**WHAT YOU SHOULD DO:** Take the entries below and print, exactly, the stretch from the line containing "BSH Kittens Spring" through the line containing "Les océans produisent", both included.

Short text fragments from websites
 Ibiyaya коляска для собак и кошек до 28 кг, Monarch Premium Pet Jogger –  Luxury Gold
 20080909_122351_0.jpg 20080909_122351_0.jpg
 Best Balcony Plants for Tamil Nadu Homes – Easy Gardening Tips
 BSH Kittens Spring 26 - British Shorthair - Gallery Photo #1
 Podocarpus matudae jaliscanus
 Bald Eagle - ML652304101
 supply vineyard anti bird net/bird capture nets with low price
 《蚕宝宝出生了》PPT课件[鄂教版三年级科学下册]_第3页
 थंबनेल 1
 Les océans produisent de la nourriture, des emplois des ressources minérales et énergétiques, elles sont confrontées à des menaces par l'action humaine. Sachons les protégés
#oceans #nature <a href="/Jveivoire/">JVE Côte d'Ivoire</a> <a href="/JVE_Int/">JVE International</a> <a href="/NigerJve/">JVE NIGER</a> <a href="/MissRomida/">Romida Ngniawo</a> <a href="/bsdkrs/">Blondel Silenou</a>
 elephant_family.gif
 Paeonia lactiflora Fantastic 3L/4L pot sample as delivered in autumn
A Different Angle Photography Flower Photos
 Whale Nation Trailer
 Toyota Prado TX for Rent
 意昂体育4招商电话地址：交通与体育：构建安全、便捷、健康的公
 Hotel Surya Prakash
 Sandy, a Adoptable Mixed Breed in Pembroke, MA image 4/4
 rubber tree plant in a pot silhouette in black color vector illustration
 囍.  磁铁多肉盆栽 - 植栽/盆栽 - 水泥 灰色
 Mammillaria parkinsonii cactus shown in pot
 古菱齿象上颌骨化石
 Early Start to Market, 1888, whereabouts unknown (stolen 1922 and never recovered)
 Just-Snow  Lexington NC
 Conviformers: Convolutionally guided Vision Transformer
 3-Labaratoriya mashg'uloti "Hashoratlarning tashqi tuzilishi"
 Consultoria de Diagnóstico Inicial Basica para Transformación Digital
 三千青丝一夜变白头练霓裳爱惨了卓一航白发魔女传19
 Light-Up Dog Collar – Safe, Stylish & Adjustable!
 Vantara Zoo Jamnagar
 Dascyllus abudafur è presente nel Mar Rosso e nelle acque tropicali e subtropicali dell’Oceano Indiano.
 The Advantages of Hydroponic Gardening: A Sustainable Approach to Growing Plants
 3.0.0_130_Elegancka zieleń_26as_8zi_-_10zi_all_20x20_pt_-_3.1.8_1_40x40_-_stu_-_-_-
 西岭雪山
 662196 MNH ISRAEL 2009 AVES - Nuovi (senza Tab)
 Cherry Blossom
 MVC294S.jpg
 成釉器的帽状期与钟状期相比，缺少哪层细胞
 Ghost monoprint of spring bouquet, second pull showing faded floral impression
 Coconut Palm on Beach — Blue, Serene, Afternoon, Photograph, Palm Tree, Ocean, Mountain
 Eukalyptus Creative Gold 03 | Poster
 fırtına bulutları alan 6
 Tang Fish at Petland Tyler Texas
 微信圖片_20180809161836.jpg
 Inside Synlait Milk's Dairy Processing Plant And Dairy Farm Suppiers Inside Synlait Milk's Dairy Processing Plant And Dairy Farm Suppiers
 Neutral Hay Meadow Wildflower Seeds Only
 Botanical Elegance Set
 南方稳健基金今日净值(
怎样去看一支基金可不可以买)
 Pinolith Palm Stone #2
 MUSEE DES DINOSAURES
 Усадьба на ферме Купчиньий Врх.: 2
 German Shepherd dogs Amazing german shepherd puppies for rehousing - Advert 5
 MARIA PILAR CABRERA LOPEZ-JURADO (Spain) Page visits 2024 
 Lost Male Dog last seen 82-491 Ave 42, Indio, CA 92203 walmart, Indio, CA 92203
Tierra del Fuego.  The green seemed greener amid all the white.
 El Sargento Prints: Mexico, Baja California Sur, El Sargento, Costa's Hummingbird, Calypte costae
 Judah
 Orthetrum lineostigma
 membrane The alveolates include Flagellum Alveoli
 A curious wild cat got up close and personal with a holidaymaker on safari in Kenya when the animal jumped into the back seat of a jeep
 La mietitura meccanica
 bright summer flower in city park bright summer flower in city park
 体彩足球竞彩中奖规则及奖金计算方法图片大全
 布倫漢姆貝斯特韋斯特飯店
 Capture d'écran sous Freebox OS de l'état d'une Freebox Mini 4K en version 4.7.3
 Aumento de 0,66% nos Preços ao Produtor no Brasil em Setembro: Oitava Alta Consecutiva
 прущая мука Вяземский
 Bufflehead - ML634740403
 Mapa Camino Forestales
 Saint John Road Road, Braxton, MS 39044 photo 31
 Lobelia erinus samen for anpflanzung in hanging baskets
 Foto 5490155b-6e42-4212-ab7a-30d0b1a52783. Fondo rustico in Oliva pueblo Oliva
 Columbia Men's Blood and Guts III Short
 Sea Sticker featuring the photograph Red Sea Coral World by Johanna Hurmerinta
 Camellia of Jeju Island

**EXERCISE RESULT:**
 BSH Kittens Spring 26 - British Shorthair - Gallery Photo #1
 Podocarpus matudae jaliscanus
 Bald Eagle - ML652304101
 supply vineyard anti bird net/bird capture nets with low price
 《蚕宝宝出生了》PPT课件[鄂教版三年级科学下册]_第3页
 थंबनेल 1
 Les océans produisent de la nourriture, des emplois des ressources minérales et énergétiques, elles sont confrontées à des menaces par l'action humaine. Sachons les protégés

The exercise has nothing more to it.